Jesuit Father Gregory Boyle, founder and executive director of Homeboy Industries, will be the special guest and will celebrate a special anniversary Mass at 11 a.m. in Blessed Sacrament Church. The luncheon that follows will be catered by the Homeboy Industries food truck, with tickets available for $35 each. A portion of event proceeds are earmarked to help support school scholarships and operations.
In anticipation of the anniversary luncheon and the parish’s annual STAR Awards on April 25 — which will honor several prominent local Catholics, including Father Boyle, actor Eduardo Verástegui and others — Yolanda S. Brown, parish life director at Blessed Sacrament Church, and Raphael “Rocky” Domingo, principal of Blessed Sacrament School, shared a few historical tidbits and present-day highlights about the school with The Tidings.

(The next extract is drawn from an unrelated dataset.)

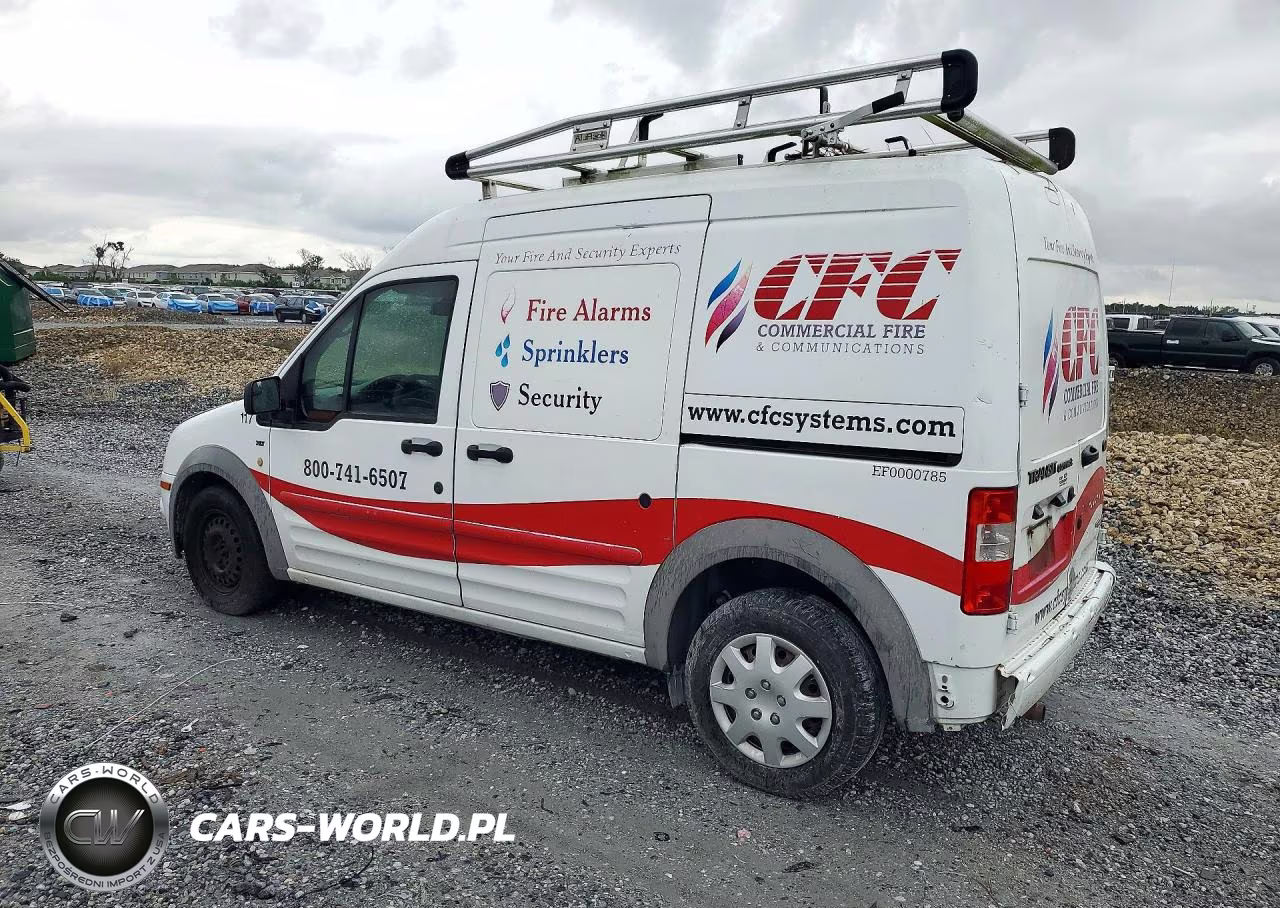2012 Ford Transit Connect Xlt VIN:NM0LS7BN8CT113333 - 2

Originally founded on Hollywood Boulevard, Blessed Sacrament School and Church were both relocated to their current locations on Sunset Boulevard in 1923. The new parish structures were both designed in the Italian Renaissance style by Thomas Franklin Power and were later designated as official historic landmarks.
Despite the parish’s historical significance and celebrity-rich history — especially during Hollywood’s heyday, when John Wayne, Ricardo Montalban, Bing Crosby, Shelley Fabares and many others were either parishioners, students or had children in the school — the school’s mission over the past 100 years has always remained the same: “To provide a quality Catholic Jesuit education.”
“Regardless of who the students are who come here, this mission has always been present; it’s what we always strive for,” said Domingo. “Students are craving an education that is well rounded. … Educating the whole person is important. The goal of a good Catholic elementary school education is to create a solid foundation that [encourages] a love of learning.”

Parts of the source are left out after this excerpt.